Groups petition The Netherlands over case against Shell’s acquisition of OPL 245.
No fewer than four non-governmental organizations (NGOs) have petitioned The Netherlands government over their case against Royal Dutch Shell Plc (RDS)’s acquisition of the OPL 245 oil and gas field in Nigeria.
The groups, Human and Environmental Development Agenda (HEDA), Global Witness, Re:Common, and The Corner House, noted that RDS “is currently on trial in Milan in relation to the OPL 245 deal and the prosecution is the outcome of an investigation by the Milan Prosecutor’s Office, which was initiated as a result of a complaint submitted by three of our organizations.”
They expressed worry over an approach adopted in a recent out-of-court settlement of a major Dutch money laundering case involving ING Bank N.V.0 and said it should not be used in their own case.
“In September 2017, we submitted a complaint to the Prosecutor’s Office in The Netherlands requesting a criminal investigation of RDS, Shell Petroleum N.V. (“Shell Petroleum”) and Shell executives for offenses under Dutch law relating to the deal.
“As plaintiffs, we consider ourselves to be stakeholders in the case. We are aware of the recent out-of-court settlement of a major Dutch money laundering case involving ING Bank N.V.
“For some reasons, we are concerned that a similar approach may be taken with RDS and Shell Petroleum. We hold that this would not be in the public interest unless stringent conditions are attached.”
The groups, which said they were not opposed to out-of-court settlements in cases where the defendant is ineligible for a custodial sentence, however, argued that “any settlement that does not produce a remedy proportionate to the alleged crime could not be seen as just.”
Their petition to The Netherlands Minister van Justitie, Mr. Ferdinand Grapperhaus, on January 9, 2019, reads in part: “In this case, RDS and Eni are accused of paying over a billion dollars into a vast bribery scheme to pay off Nigerian officials in exchange for extremely favorable access to one of Nigeria’s most promising oil blocks.
“The cost to Nigerians of this ‘smash-and-grab raid’ on the Nigerian government (to use the phrase of the UK Crown Prosecution Service) is vast. Indeed, for some reasons, we would contend that there are strong grounds for rejecting a settlement with Shell.
“Firstly, as far as we are aware, neither RDS nor Shell Petroleum appears to have done anything to ‘earn’ an out-of-court settlement. In the recent settlement with ING Bank N.V., ING co-operated with the Prosecutor’s Office. By contrast, neither RDS nor Shell Petroleum has ‘self-reported’ any crimes that they view as related to the OPL 245 deal.

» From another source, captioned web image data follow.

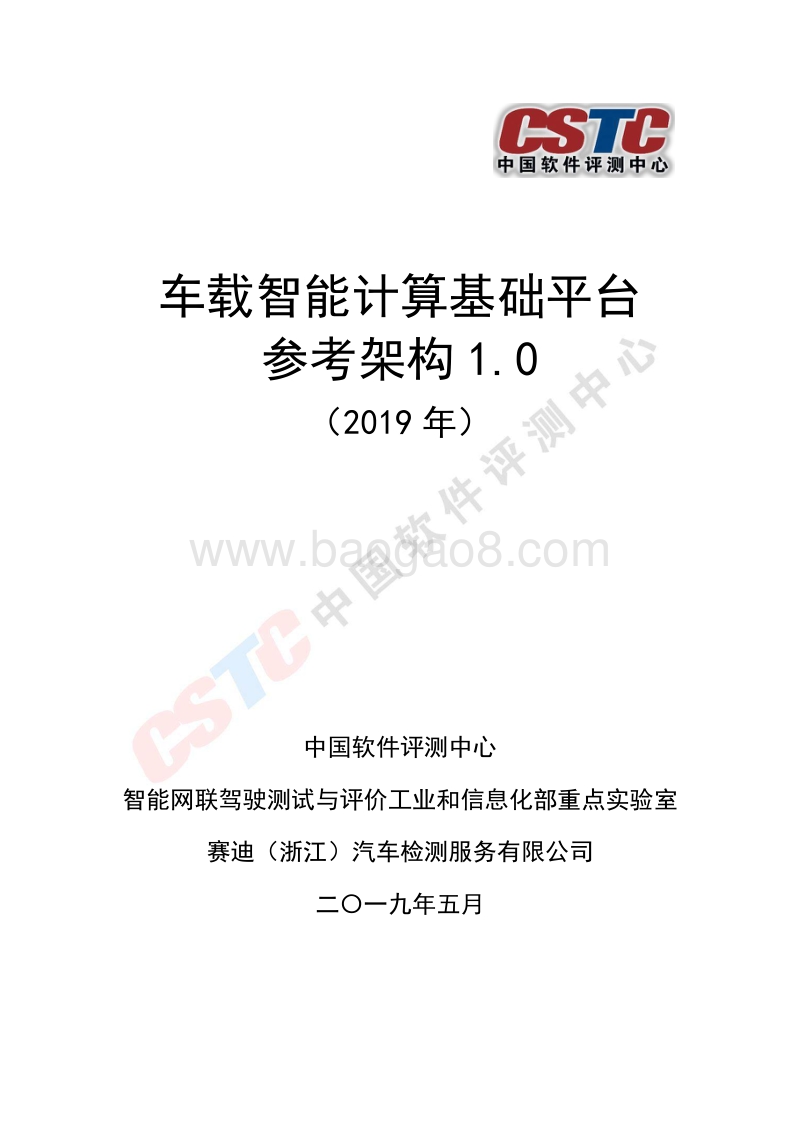 2019年车载智能计算基础平台参考架构1.0.pdf_第1页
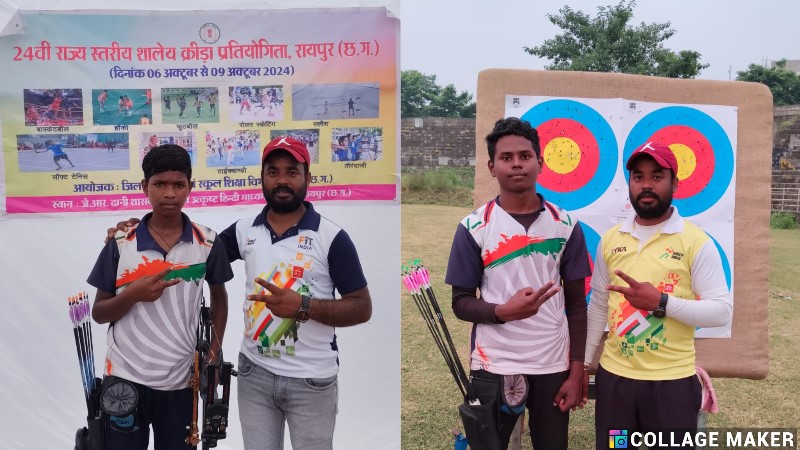 जिले के तीरंदाजी खिलाड़ी राष्ट्रीय स्तर की प्रतियोगिता में दिखाएंगे अपनी प्रतिभा : विशेष पिछड़ी जनजाति पहाड़ी कोरवा मनोज राम राष्ट्रीय प्रतियोगिता के लिए व अंडर 14 में खिलाड़ी आकाश राम चयनित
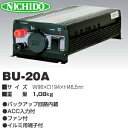 日動工業　DC/DCコンバーター　BU-20A　(DC24⇒DC13.8V)　MAX21A出力 2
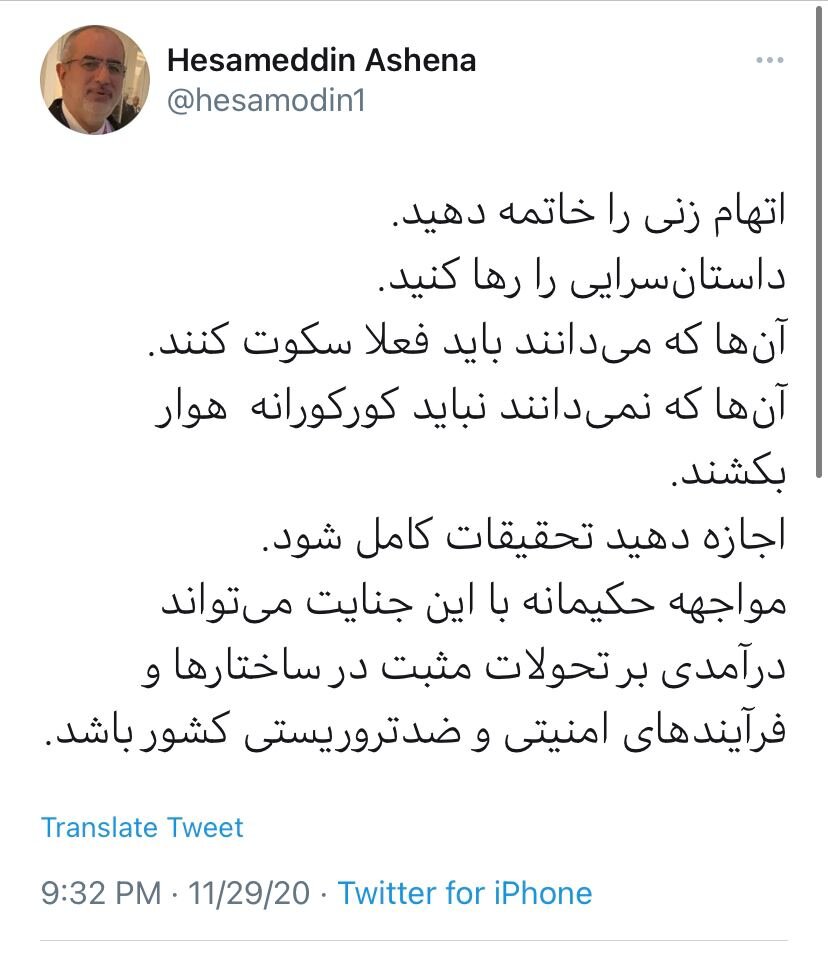انتقاد تند آشنا از سناریونویسی درباره ترور دانشمند ایرانی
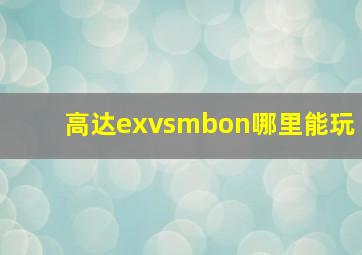 高达exvsmbon哪里能玩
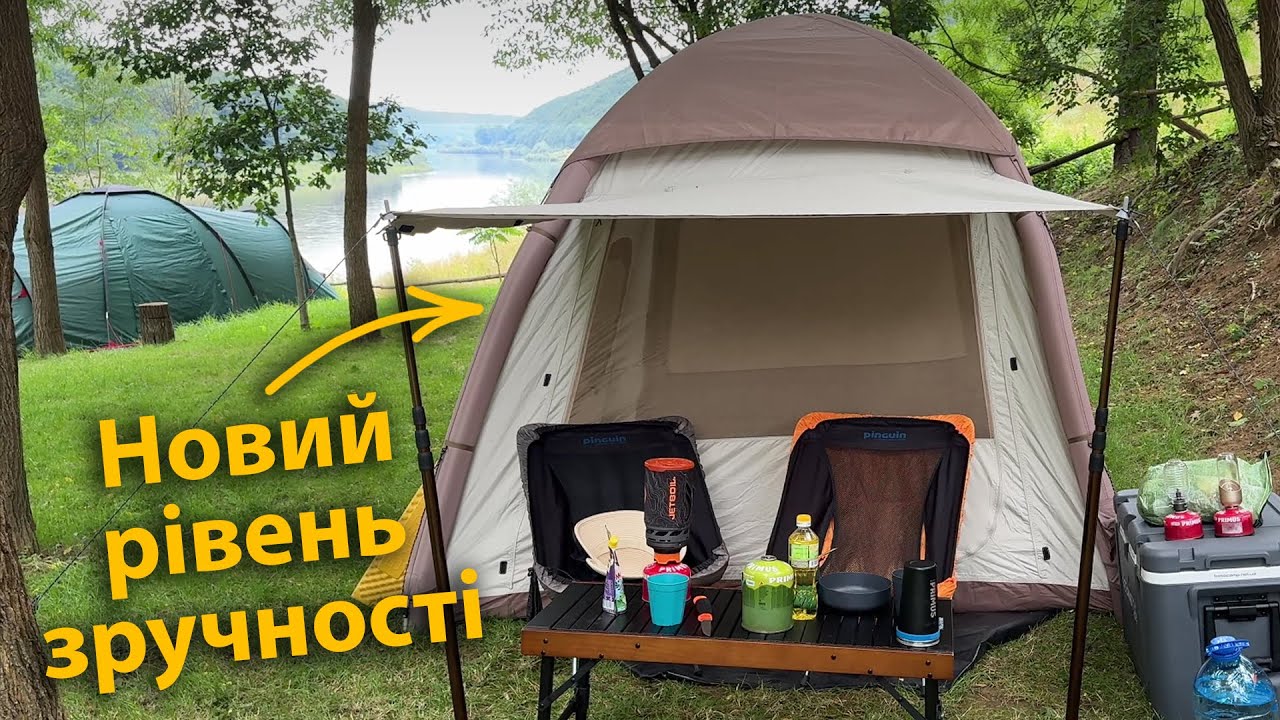 Вогонь-намет для динамічного кемпінгу. Naturehike Ango 3 (CNH23ZP12002)
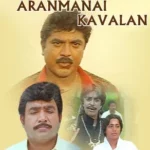 Aranmanai Kaavalan Audio Songs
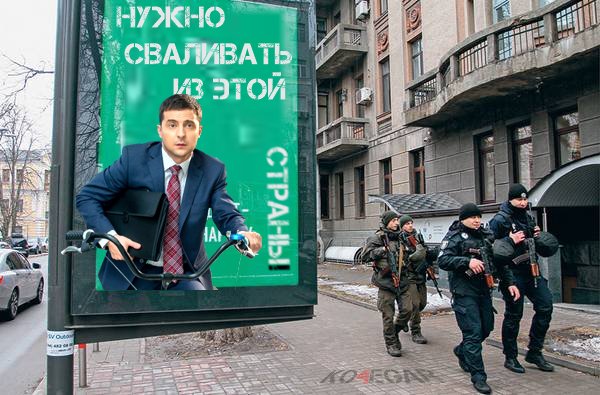 Последний Ход в Большой игре. Пойдет ли на него покемон? | О грядущей войне, в которую многие отказываются верить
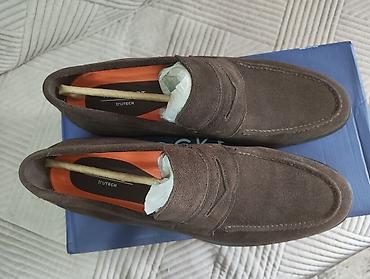 rockport: Мужские туфли, 46, Rockport, Новый, цвет - Коричневый, Самовывоз — 2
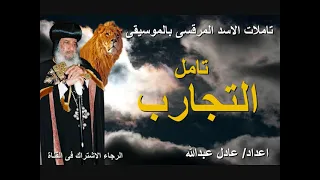 تامل رائع عن التجارب لمثلث الرحمات البابا شنودة الثالث بالموسيقى اعداد عادل عبدالله 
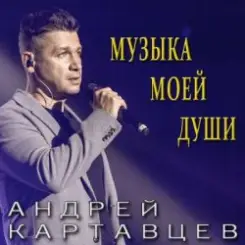 Андрей Картавцев - Не рви мне душу слушать онлайн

“Similarly, there are no public reports of their having co-operated with the criminal investigation into OPL 245. On the contrary, they have vigorously denied any criminality. As a consequence, the Prosecutor’s Office has had to undertake a wide-ranging investigation, presumably at considerable cost to the Dutch taxpayer.
“Should the companies now belatedly acknowledge criminality – a necessary part of any settlement – it would, in our view, be perverse to reward them by agreeing to terms that would allow them to avoid a criminal conviction by the courts.
“Secondly, a settlement with Shell would establish an undesirable precedent by signaling that the Dutch justice system is prepared to tolerate corporate recidivism. At the time that the OPL 245 deal was negotiated and bribes were allegedly paid, RDS was a party to a Deferred Prosecution Agreement with the U.S. Department of Justice following an earlier Nigerian bribery scandal.”
The groups also said any settlement without a full and clear statement of facts and admission of guilt would be contrary to the interests of open justice.
“An admission of criminality by RDS and Shell Petroleum, in this case, would be an admission to participation in one of the most egregious bribery schemes in history, a scheme that defrauded Nigeria of billions of dollars. The beneficiaries were two of the richest companies in the world. The victims were some of the poorest people on Earth: Nigerians.”
The petition was signed by Nicholas Hildyard (The Corner House), Luca Manes (Re: Common), Olanrewaju Suraju (HEDA) and Simon Taylor (Global Witness).